Montag, 19. August 2013

Eisbrecher fahren nur in kaltem Wasser

Liebe Mathilda,
 
es ist vollbracht! Wir sprechen wieder miteinander und das ist ebenso entlastend wie ernüchternd.
 
Als ich heute morgen in den Besprechungsraum komme und mir gerade überlege, ob und wie wir uns weiter anschweigen werden, sehe ich Flo auf seinem altbekannten Stammplatz. Dann erinnere ich mich, dass ich alles daran setzen wollte, dieses alberne Schweigen zu brechen, denn "Love is louder!" Ich steuere motiviert auf meinen Stammplatz links neben Flo zu ... und sehe zu meiner Enttäuschung einen Kittel auf dem Stuhl hängen. Das hatte ich ja jetz so gar nicht eingeplant. Ich stutze, zögere, verliere meine Motivation und will mich schon woanders hinsetzen. Doch ist derjenige, der das Schweigen bricht:
 
"Der hängt hier wohl nur so rum."
 
meint er einladend zu mir mit einem netten kleinen Seitenblick auf das Relikt. Erleichterung, denn endlich hat einer von uns beiden etwas gesagt. Bei mir schaltet sich automatisch der gewohnt-vertraute Flo-Modus ein. Ich sage:
 
"Ah, wie das Handtuch am Pool."
 
und setze mich auf den markierten Stuhl neben ihn. Mit diesen beiden profanen Sätzen ist das Eis gebrochen. Wir sind uns gleich einig, dass wir Markierungen von Liegeplätzen an Pool und Strand unmöglich finden. Zwanghafte unter sich eben! Und Flo berichtet sogar davon, solch ein Verhalten in der Sauna beobachtet zu haben. Skandal! Ja, das sind nun mal die Themen, die der morgendliche Small talk hergibt. Ich erfahre, dass Flo in der Sauna am liebsten auf die oberste Bank geht, mit einem schönen Aufguß dazu. Wollte ich das wissen? Jaaaa! Ich frage:
 
"Liegend oder sitzend?"
 
und stelle mir Flo, den staatlich-geprüften Narzissten, dazu natürlich in Sauna-Aktion vor. Ich male mir zu dem Zeitpunkt schon aus wie ich dir das heute schreibe. Ich bin innerlich amüsiert, dass ich das hier sofort verwursten kann. Flo meint eindeutig:
 
"Sitzend."
 
Alles andere wäre ja auch zu gefährlich :-) Schon klar, Flo setzt in gewohnter Art seine Grenzen und unterbricht damit meine Sauna-Räkel-Fantasien. 

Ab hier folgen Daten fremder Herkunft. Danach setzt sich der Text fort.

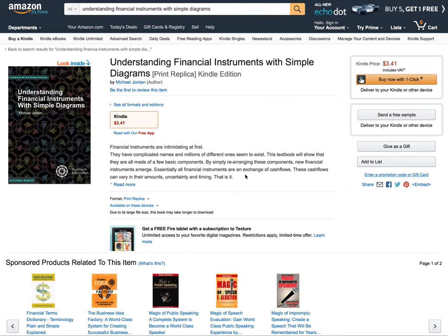Hi guys, it's MJ, the Student Actuary, and I have some exciting news: I have released my very first textbook. I was going to do a whole bunch of videos on financial instruments, but then I thought why not just put it all in one big book.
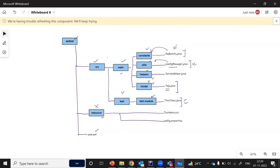The resource folder is going to be created parallel to the source folder. This folder will have all of the resource files, such as test data.csv and config.properties. Test data.csv is our test data source, and config.properties will contain some extra properties that we are going to consume in our framework. And we have pom.xml, which is already present.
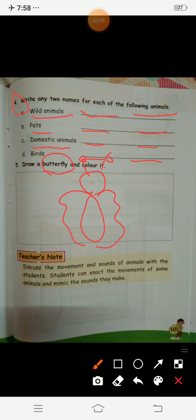So what did we learn? We learned about big animals and small animals. We learned about the kinds of animals — domestic animals, pets, and wild animals. We also learned about birds and insects. Insects are very small and they have six legs.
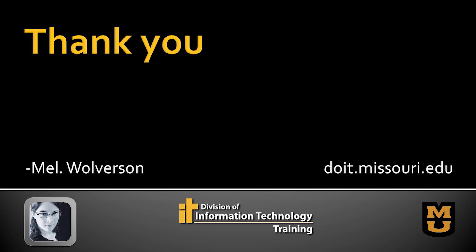Again, my name is Mel Wolverson with the Division of IT. Thank you for joining me in this three-part series on Zoom.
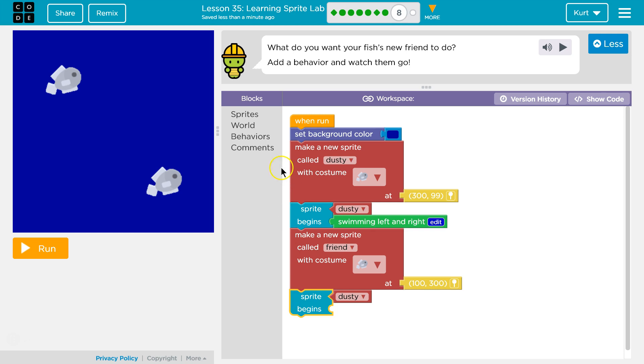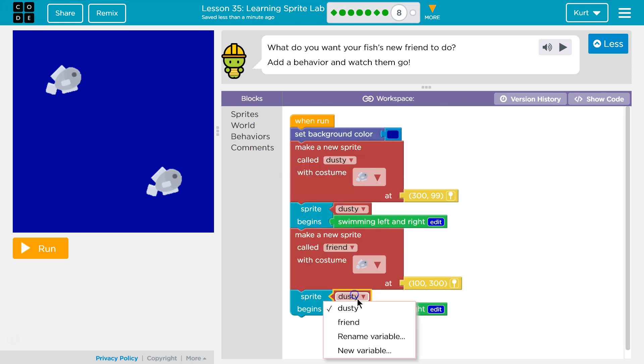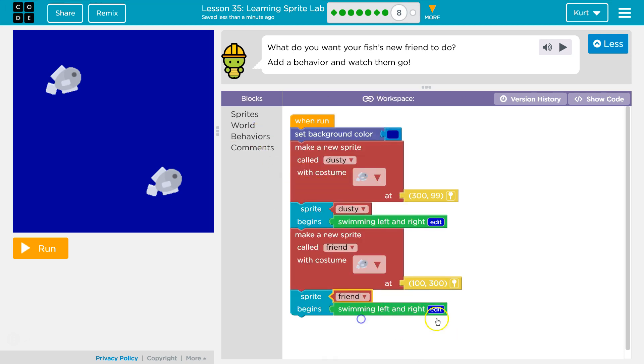I want them to swim around too, so swimming left and right for the friend. I'm going to make the friend swim left and right, and I attached it to my friend block.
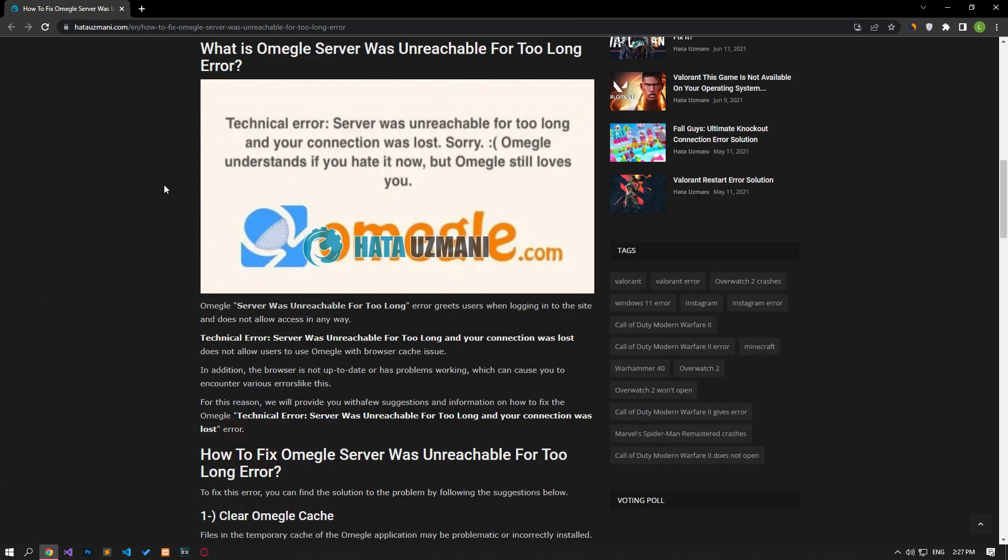Yes, in this video we have provided information on how to fix Omegle server was unreachable for too long. If the problem persists, you can comment.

Etwas Gutes hat das, denn wir reden wieder miteinander und ich kann das Gespräch auf die Bewerbungsgespräche hinlenken, die wir beide zusammen führen sollen. Er erinnert sich schuldbewusst, dass er sich noch nicht geäußert hat. Ich muss das Gespräch mehrmals wieder auf das Thema bringen, weil wir abgelenkt werden. Es gibt viel zu erzählen, wenn man eine Woche lang geschwiegen hat. Flo fragt wie lange denn so ein Gespräch dauert. Häää? Na, wie lange denn wohl. Manchmal wünsche ich mir einen "richtigen" Mann an seiner Stelle, der mal Klartext redet. Es hat den Anschein, dass er die Bewerbungsgespräche lieber vermieden hätte. Naja, viellicht nicht ganz so, aber heiß drauf ist er auch nicht. Mir wird das Herumgeeier irgendwann zu bunt und ich sage, dass ich einfach Termine vereinbare und er ja dann gucken kann, ob er dazu kommt. Das will er ja nun auch nicht. Er rudert zurück und sagt, dass wir nach Lücken im OP-Plan und im Sprechstundenplan schauen und dann Termine blocken sollten. Uhh, endlich ein konkreter Vorschlag. Er meint, dass wir uns das zusammen im Kalender am PC ansehen. Na bitte, geht doch. Nur dass unser Gespräch wieder unterbrochen wird und es immer noch nicht klar ist wie und wann wir zusammen vor den Terminplaner eines Computers kommen. Ein letzter Versuch als wir uns dicht - zu dicht - gegenüberstehen und einen intensiven - zu intensiven - Blickkontakt haben. Ich sage etwas wehrlos:
 
"Sprich mich einfach an, wenn Du..."
 
Daraufhin fällt er mir ins Wort (hätte eh nicht gewusst wie ich den Satz hätte beenden sollen):
 
"Nein, sprich Du mich lieber an."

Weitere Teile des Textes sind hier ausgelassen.